Schivo, ingombrante, malinconico il famoso commissario si avvia verso la fine della sua carriera. Ha perso un po’ il gusto per il suo mestiere. Lo ritroverà quando dovrà risolvere un caso piuttosto complesso: quello di una giovane morta. E vedendo che i conti non tornano: ritrovata a Place Vintimille a Parigi, indossa un abito da sera consunto e una scarpa d’argento con tacco a spillo che farebbero pensare a una prostituta, ma nessuno sembra conoscerla e non ci sono altri elementi per identificarla.
Patrice Leconte adatta, o meglio come dice lui “adotta”, insieme a Jérôme Tonnere (con cui aveva già collaborato in Confidenze troppo intime, Il mio migliore amico e Una promessa) il libro Maigret e la jeune morte (1954).
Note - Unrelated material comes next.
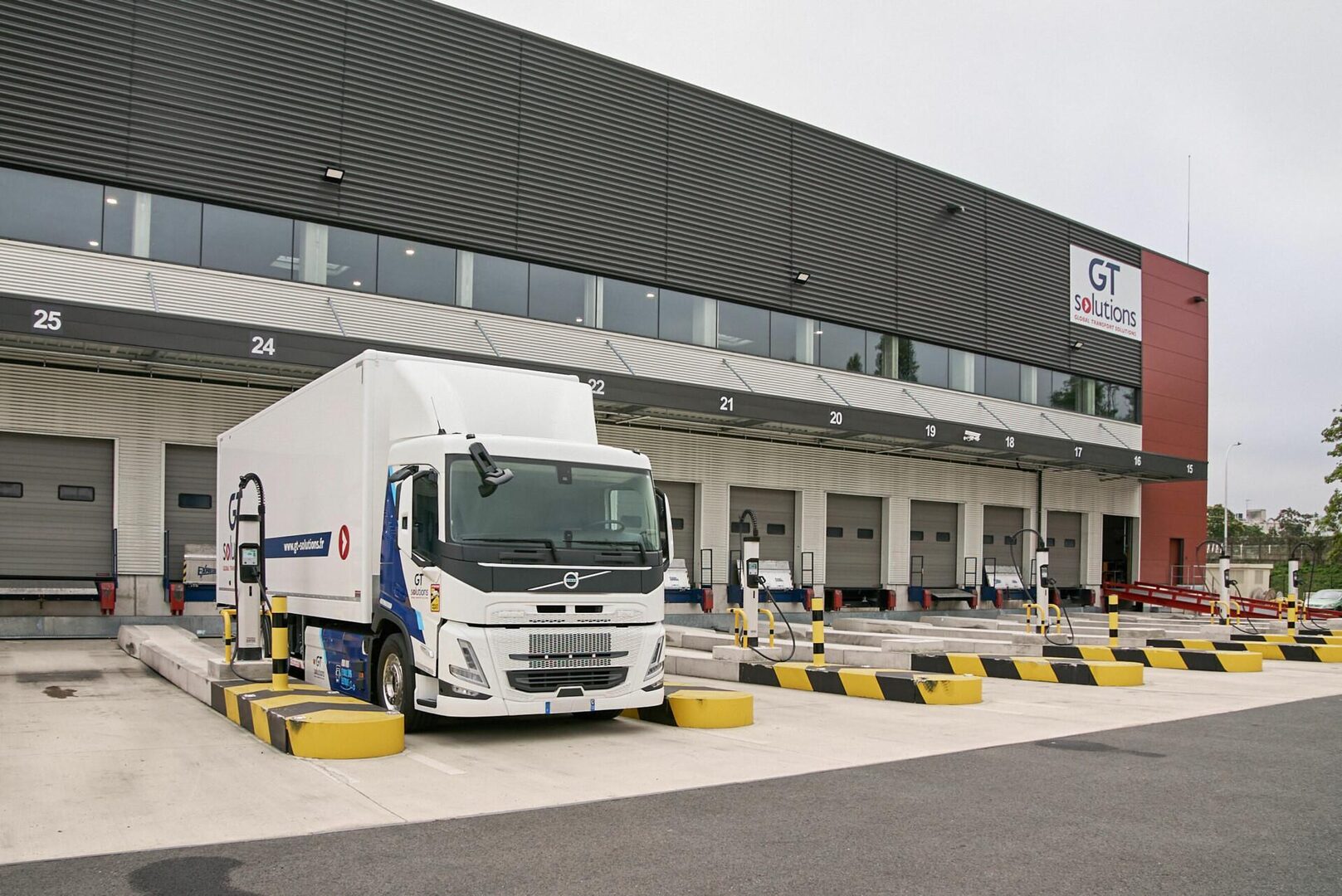 découvrez nos solutions complètes en logistique poids lourd, optimisant le transport et la gestion de vos marchandises. bénéficiez de notre expertise pour des opérations efficaces et sécurisées.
Da maestro dei contrari quale è gioca tutto sugli opposti e inverte la rotta: il detective non è più l’eroe sicuro, vigile e deciso alla Sherlock Holmes, diversamente Maigret, pieno di dubbi, naviga a vista, non sembra più lui (come gli dice la moglie) e va avanti senza troppa convinzione non fidandosi di ciò che è ovvio perché nulla è “Elementare, Watson!”.
Il polo qui non è tanto la ricerca del colpevole, ma quel che importa, nella dicotomia carnefice/vittima, è l’identità della ragazza uccisa. È lei che Maigret cerca con tutte le sue energie e noi spettatori insieme a lui.
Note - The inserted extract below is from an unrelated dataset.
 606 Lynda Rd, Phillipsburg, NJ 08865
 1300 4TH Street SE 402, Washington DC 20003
I confini sono labili, le zone d’ombra sono tante, non c’è alcuna voglia di essere conformi o di appartenere a qualche rango (Maigret è uno che non ha rispetto per le classi superiori e che non si trova a casa nell’alta borghesia: non vuole essere di quel mondo, ben più sensibile invece alle origini delle giovani che arrivano dalla provincia di Parigi).
Specchio dei nostri tempi incerti, quest’antieroe protagonista mette la punizione sullo sfondo e l’essenza (della vita e dell’essere) in primo piano. Il giudizio è relativo, la ricerca, l’ascolto, l’apertura sono le sole cose che contano. Anche se di aperto in questo film crepuscolare e intimo dall’impianto classico (“ma non polveroso”, come sottolinea Leconte, piuttosto lo definirei “fumoso”, quasi un omaggio alle sale cinematografiche del passato) c’è ben poco perché il regista, che ama essere coinciso come il “suo” Simenon, ha già dichiarato che non dirigerà un secondo Maigret. Niente sequel o serie tv sul celebre commissario in arrivo, quindi.
Non temete però il grande Depardieu si accinge a diventare un altro attore feticcio di Leconte, al pari di Jean Rochefort e Daniel Auteil, e prossimamente lo vedremo protagonista di un nuovo film da lui diretto. Non sarà però Maigret. Pazienza, ci faremo bastare questo (Maigret-Depardieu) che ci seduce con le sue relative debolezze e fragilità, con le sue zone d’ombra e le sue incertezze, e con tutta la sua umanità e la sua poesia… da non perdere.